Viviamo in un tempo in cui i diritti civili – sacrosanti, sia chiaro – hanno oscurato quelli sociali. Abbiamo parlato a lungo di libertà individuali, autodeterminazione, riconoscimento delle identità, ma nel frattempo abbiamo dimenticato i bisogni collettivi, le disuguaglianze crescenti, le fratture di classe, la povertà educativa, il lavoro che manca o che non basta a vivere. Abbiamo perso l’equilibrio. E quando si perde l’equilibrio, si cade. Anche verso la guerra.
Oggi i conflitti esplodono ovunque. Ma non solo per fame di potere, risorse, controllo. Esplodono anche perché le comunità si sono disgregate. Perché la famiglia – primo argine alla solitudine e alla rabbia – è stata lasciata sola, o peggio ancora svalutata come residuo del passato. Perché la scuola non è più luogo di crescita condivisa, ma di selezione e frammentazione. Perché il lavoro non unisce più, ma divide. E perché il senso stesso di appartenenza è stato sacrificato sull’altare dell’individualismo.
L’Occidente si sorprende della violenza nel mondo, ma spesso non si accorge della propria decadenza.
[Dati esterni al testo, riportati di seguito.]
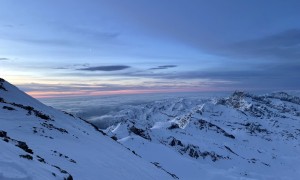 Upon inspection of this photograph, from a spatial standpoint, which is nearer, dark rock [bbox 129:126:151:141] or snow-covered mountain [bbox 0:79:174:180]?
snow-covered mountain [bbox 0:79:174:180]

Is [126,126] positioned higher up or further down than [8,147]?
further down

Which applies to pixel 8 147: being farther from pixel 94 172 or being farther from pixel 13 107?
pixel 13 107

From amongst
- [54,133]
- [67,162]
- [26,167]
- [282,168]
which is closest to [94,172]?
[67,162]

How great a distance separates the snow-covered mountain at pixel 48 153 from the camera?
17.1m

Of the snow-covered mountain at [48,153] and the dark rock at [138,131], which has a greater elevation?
the snow-covered mountain at [48,153]

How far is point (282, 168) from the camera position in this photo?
630 ft

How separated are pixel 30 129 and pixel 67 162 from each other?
34.8ft

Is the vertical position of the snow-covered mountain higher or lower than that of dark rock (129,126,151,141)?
higher

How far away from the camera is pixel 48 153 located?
26000 mm

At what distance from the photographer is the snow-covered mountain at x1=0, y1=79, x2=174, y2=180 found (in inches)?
673

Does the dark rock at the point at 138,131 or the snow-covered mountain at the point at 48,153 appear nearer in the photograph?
the snow-covered mountain at the point at 48,153

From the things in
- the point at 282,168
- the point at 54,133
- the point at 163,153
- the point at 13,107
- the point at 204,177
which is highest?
the point at 13,107

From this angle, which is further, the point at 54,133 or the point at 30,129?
the point at 54,133

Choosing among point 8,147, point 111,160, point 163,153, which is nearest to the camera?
point 8,147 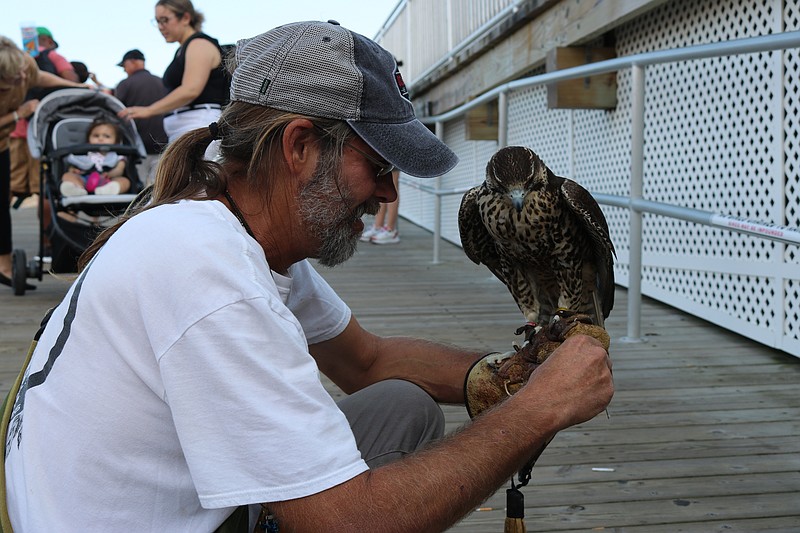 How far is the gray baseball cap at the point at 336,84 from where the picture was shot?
1.62m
Di una libertà senza responsabilità. Di una laicità che troppo spesso scivola nel vuoto spirituale. Di una società che si batte per il diritto a ogni scelta, ma si dimentica di difendere il dovere di educare, di accudire, di costruire. Ci battiamo per scegliere il nostro genere, ma non per garantire un’istruzione a tutti i bambini. Ci indigniamo – giustamente – per le discriminazioni, ma non ci scandalizziamo più per chi vive senza casa, senza lavoro, senza speranza.
I diritti civili senza diritti sociali diventano maschere. E i diritti sociali senza una cultura del dovere e della comunità, restano promesse vuote. Così, anche in una società ricca di leggi e garanzie, il conflitto riemerge. Dentro le famiglie, nei quartieri, nelle istituzioni. Finché poi, fuori da noi, si trasforma in guerra.
La pace non è un gesto diplomatico. È un ordine morale. È un sistema di valori, è una forma di convivenza che si costruisce dal basso. Dalla scuola, dal lavoro, dalla famiglia. La pace nasce dove c’è fiducia, appartenenza, educazione. Dove si impara a stare insieme e non solo a pretendere. Dove si costruiscono legami, e non solo identità. Dove si dà, non solo si rivendica.
Ecco perché oggi la crisi è così profonda. Perché è prima di tutto una crisi di civiltà. Finché non torneremo a parlare di noi più che di me, di dovere più che di desiderio, di comunità più che di identità, continueremo a curare le ferite dei conflitti senza curarne le cause. Continueremo a firmare tregue che non diventano pace. Perché chi ha dimenticato il significato della famiglia, della solidarietà, della condivisione, non può costruire un mondo giusto. E senza giustizia, lo sappiamo, non c’è pace. Mai.